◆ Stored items
/---

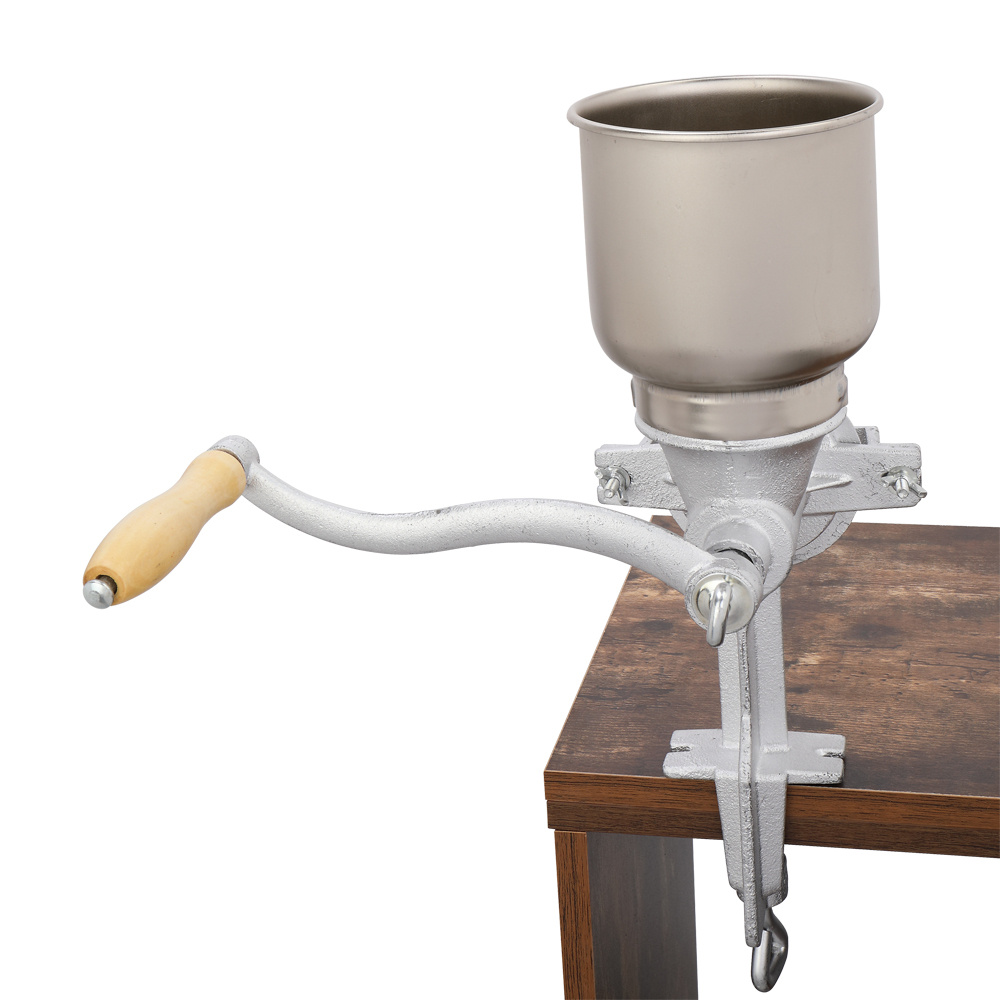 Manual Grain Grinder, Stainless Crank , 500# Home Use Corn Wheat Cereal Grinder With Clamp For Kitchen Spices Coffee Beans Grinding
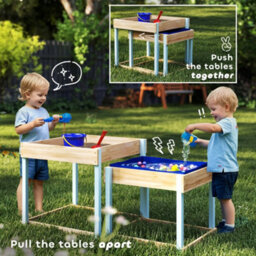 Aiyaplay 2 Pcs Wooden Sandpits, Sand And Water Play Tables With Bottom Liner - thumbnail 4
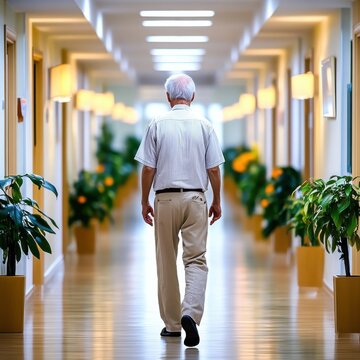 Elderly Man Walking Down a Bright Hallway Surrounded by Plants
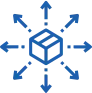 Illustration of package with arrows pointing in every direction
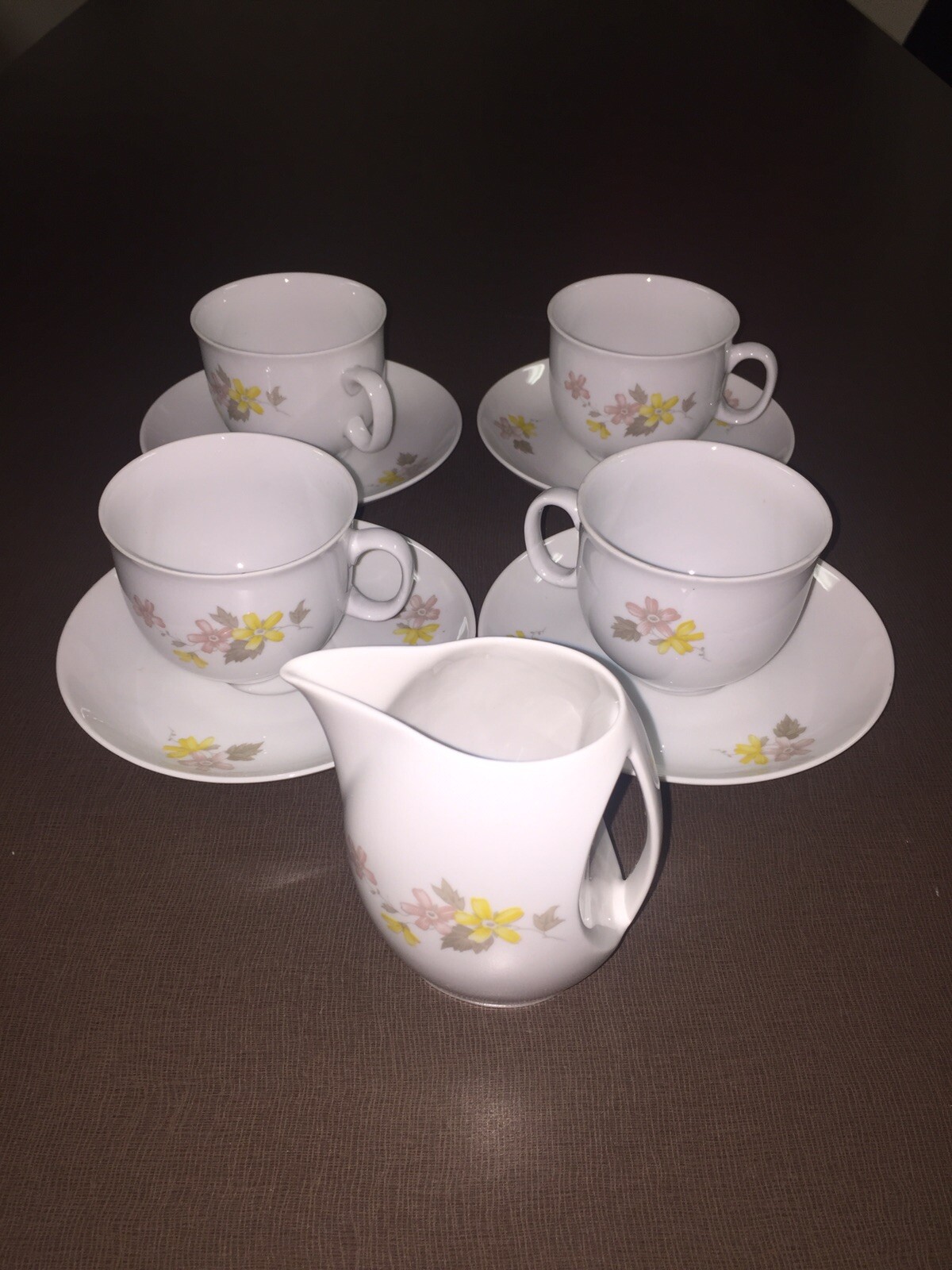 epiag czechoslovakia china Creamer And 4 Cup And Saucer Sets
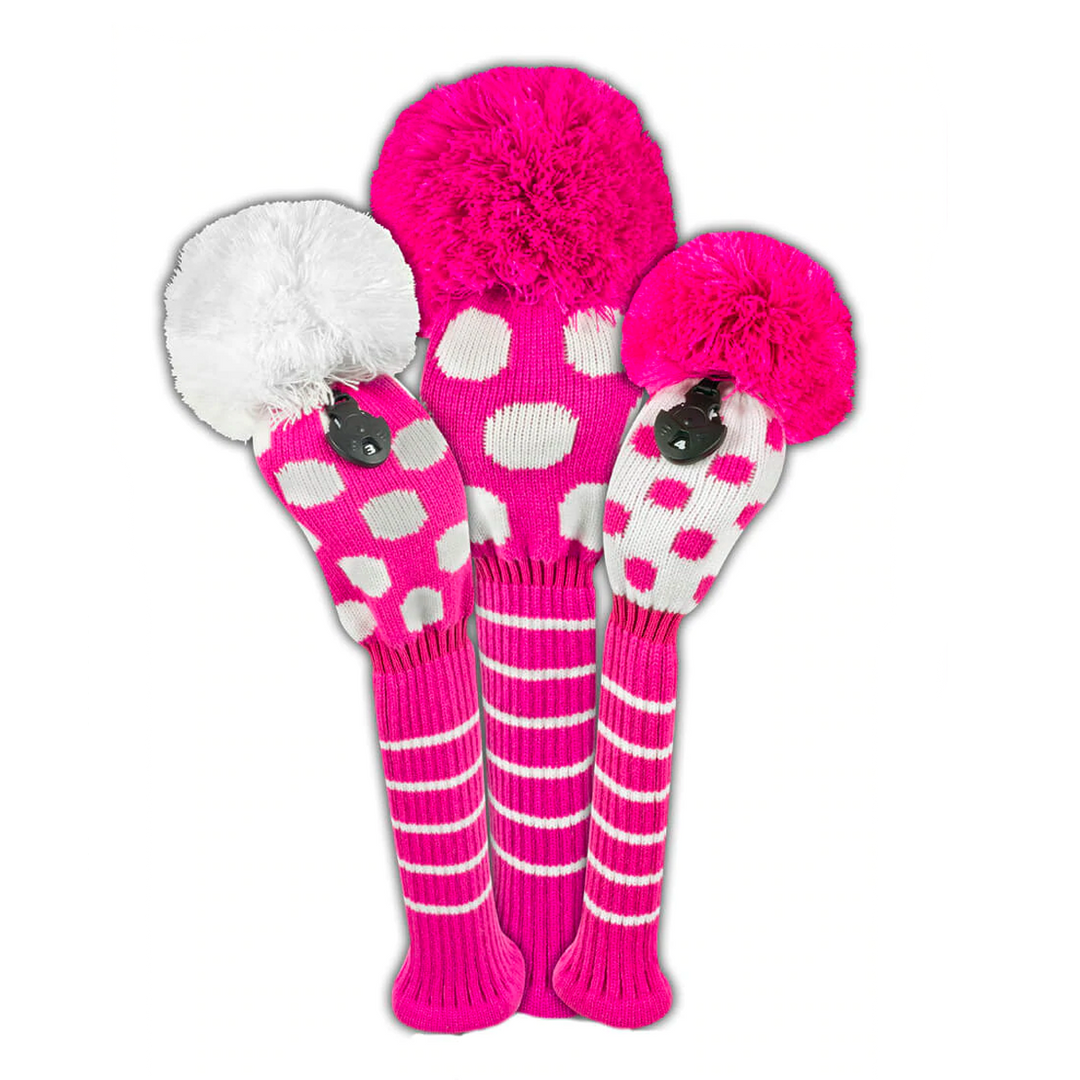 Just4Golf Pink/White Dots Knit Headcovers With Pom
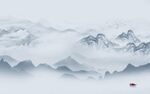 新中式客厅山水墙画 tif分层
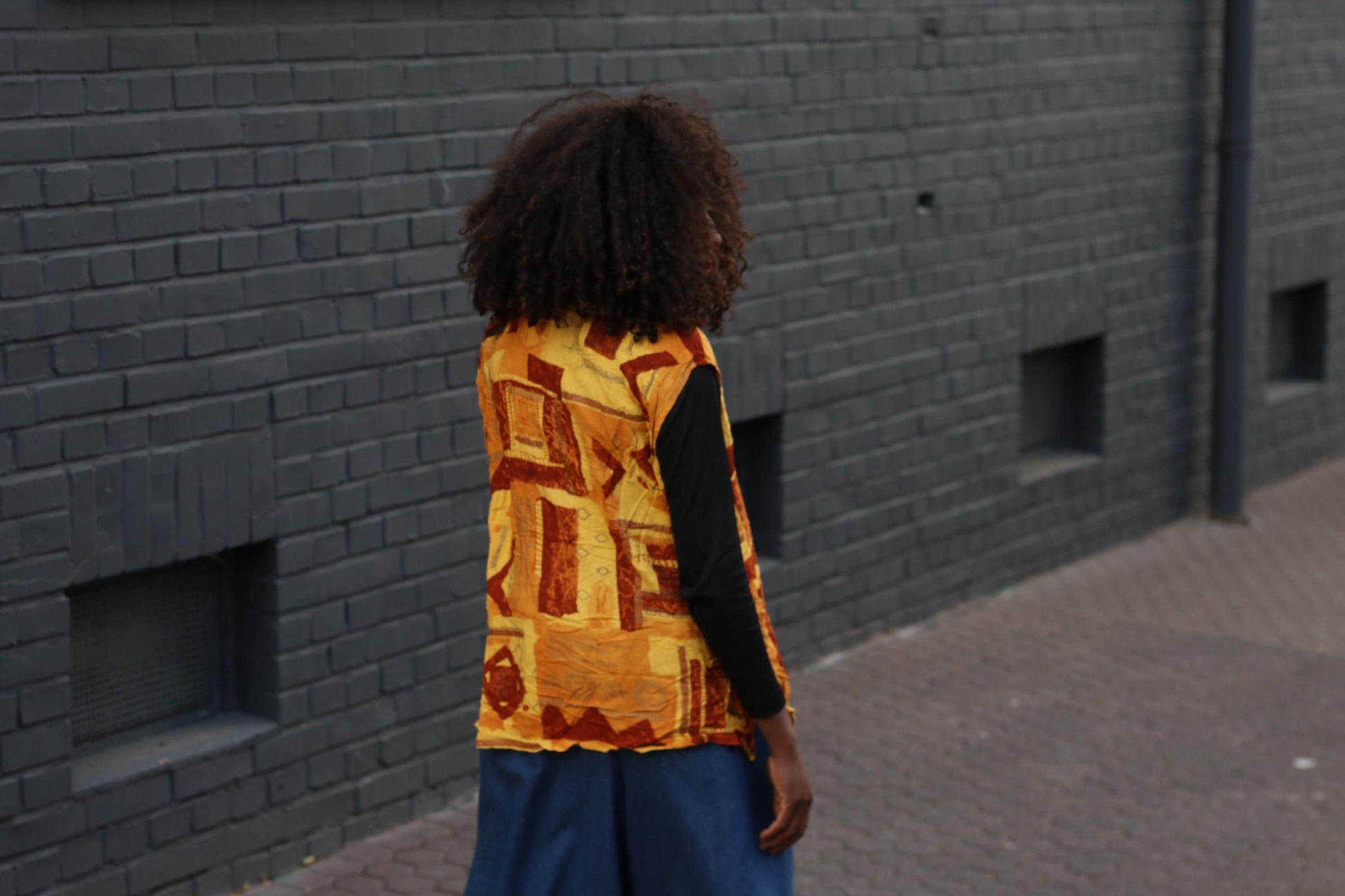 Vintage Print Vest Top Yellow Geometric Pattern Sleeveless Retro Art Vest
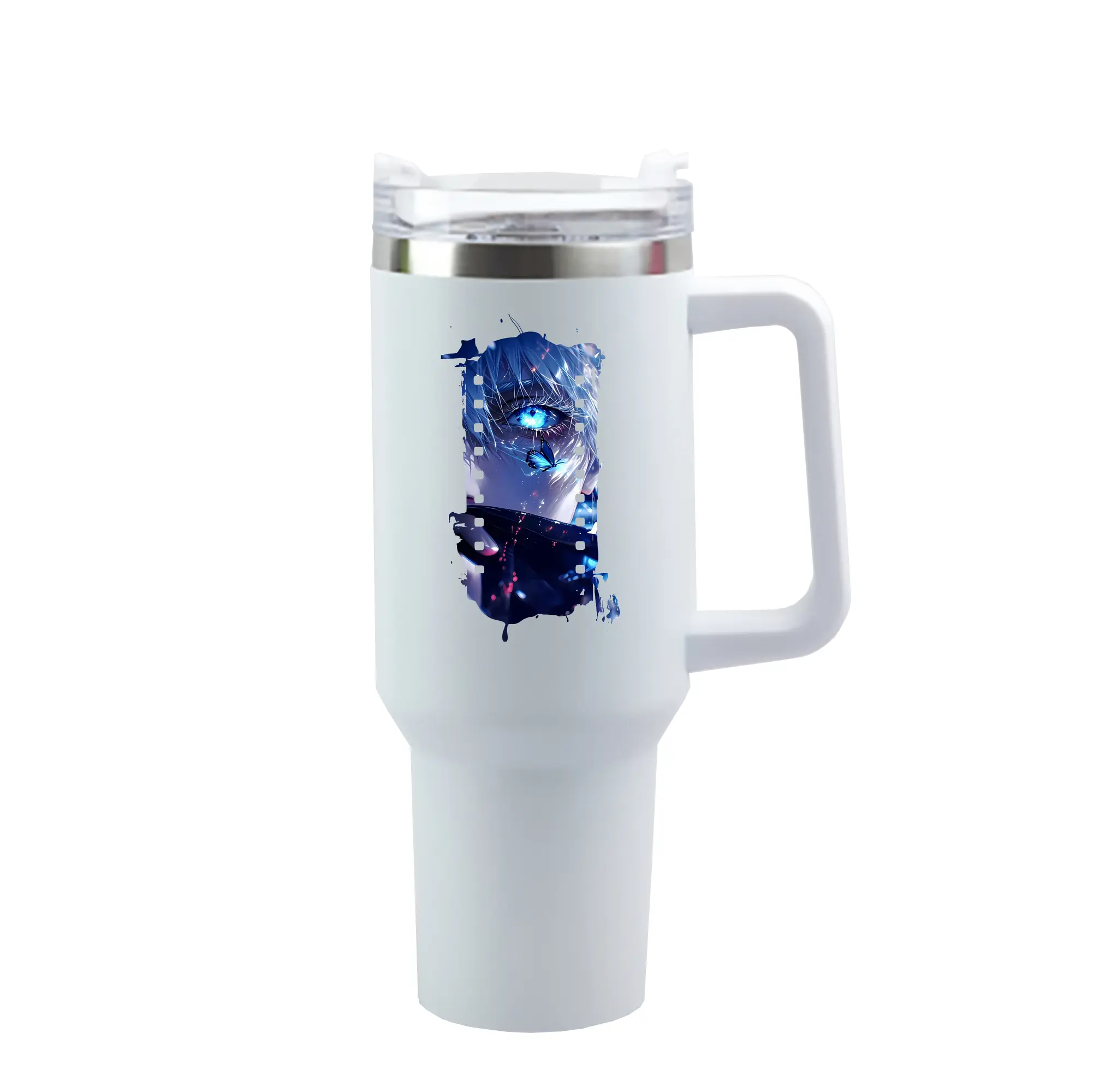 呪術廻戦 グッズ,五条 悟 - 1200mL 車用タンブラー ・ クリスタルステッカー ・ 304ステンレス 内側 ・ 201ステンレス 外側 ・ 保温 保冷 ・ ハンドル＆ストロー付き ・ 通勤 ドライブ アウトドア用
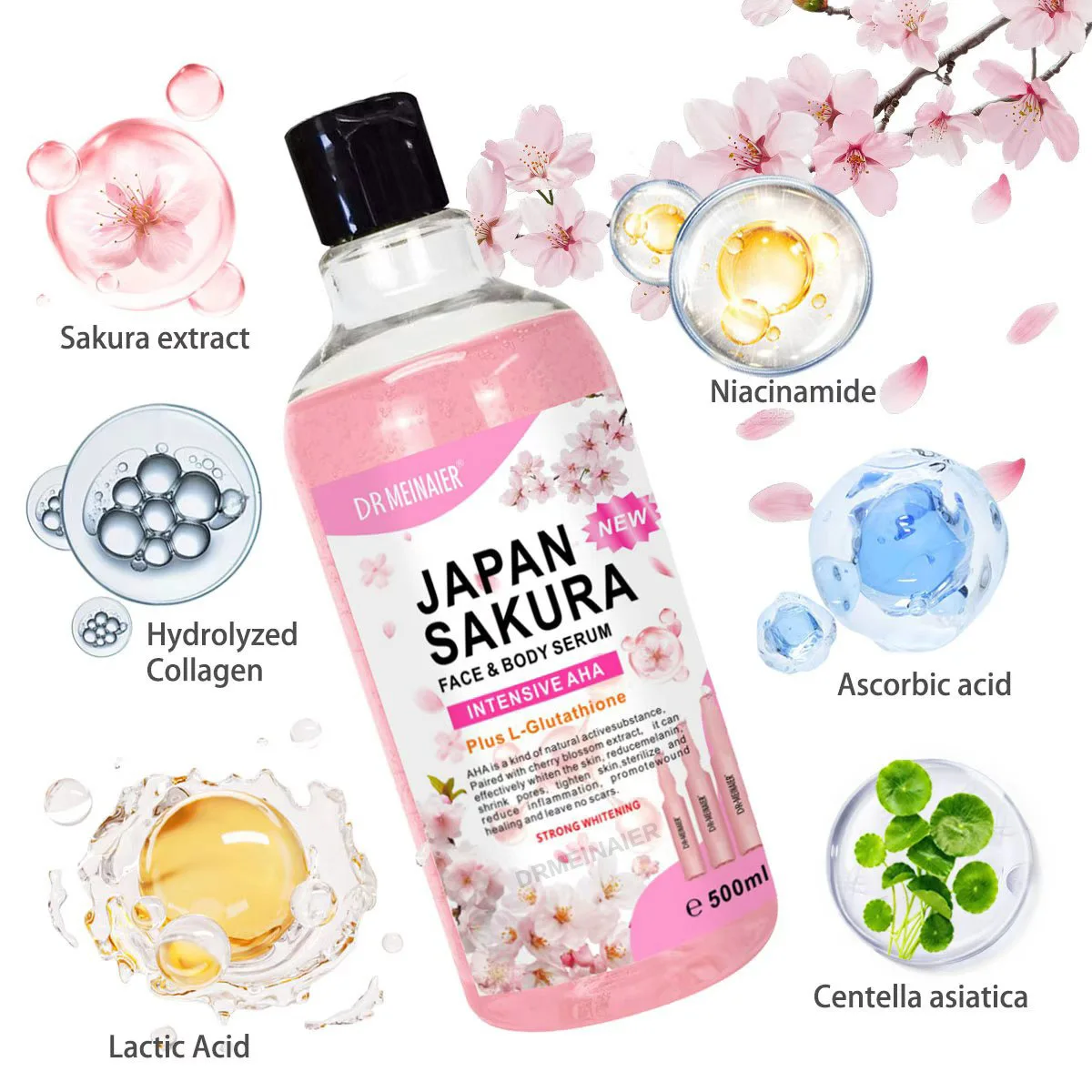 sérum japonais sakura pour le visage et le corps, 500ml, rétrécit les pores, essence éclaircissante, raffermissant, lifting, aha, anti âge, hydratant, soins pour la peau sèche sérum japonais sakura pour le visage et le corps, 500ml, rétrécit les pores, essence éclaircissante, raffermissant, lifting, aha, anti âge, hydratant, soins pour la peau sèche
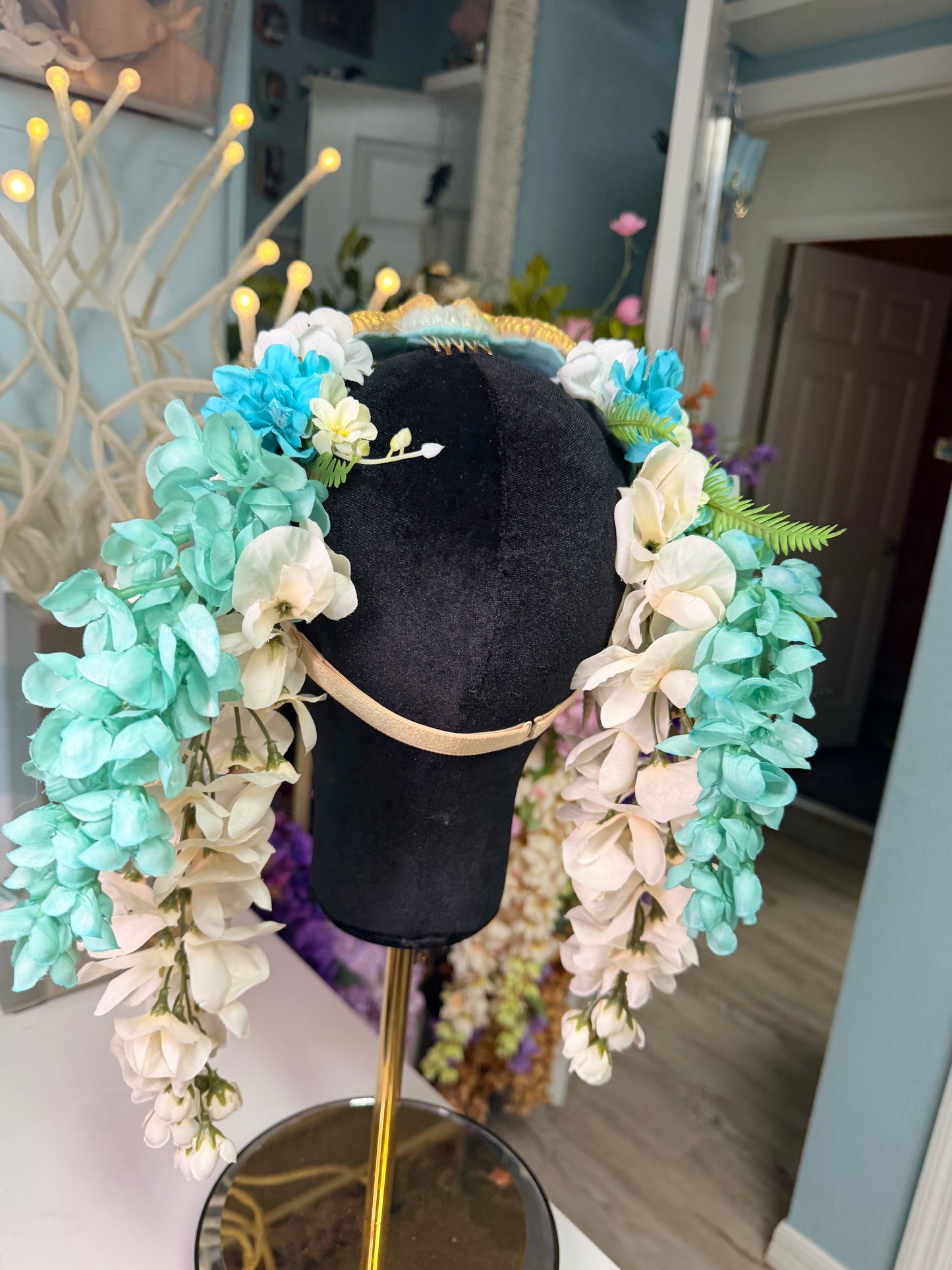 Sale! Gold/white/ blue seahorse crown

\---

◆ WHAT TO DO
Set down every entry word for word, but omit the pictures.

◆ COMPLETED TASK
 Manual Grain Grinder, Stainless Crank , 500# Home Use Corn Wheat Cereal Grinder With Clamp For Kitchen Spices Coffee Beans Grinding
 Aiyaplay 2 Pcs Wooden Sandpits, Sand And Water Play Tables With Bottom Liner - thumbnail 4
 Elderly Man Walking Down a Bright Hallway Surrounded by Plants
 Illustration of package with arrows pointing in every direction
 epiag czechoslovakia china Creamer And 4 Cup And Saucer Sets
 Just4Golf Pink/White Dots Knit Headcovers With Pom
 新中式客厅山水墙画 tif分层
 Vintage Print Vest Top Yellow Geometric Pattern Sleeveless Retro Art Vest
 呪術廻戦 グッズ,五条 悟 - 1200mL 車用タンブラー ・ クリスタルステッカー ・ 304ステンレス 内側 ・ 201ステンレス 外側 ・ 保温 保冷 ・ ハンドル＆ストロー付き ・ 通勤 ドライブ アウトドア用
 sérum japonais sakura pour le visage et le corps, 500ml, rétrécit les pores, essence éclaircissante, raffermissant, lifting, aha, anti âge, hydratant, soins pour la peau sèche sérum japonais sakura pour le visage et le corps, 500ml, rétrécit les pores, essence éclaircissante, raffermissant, lifting, aha, anti âge, hydratant, soins pour la peau sèche
 Sale! Gold/white/ blue seahorse crown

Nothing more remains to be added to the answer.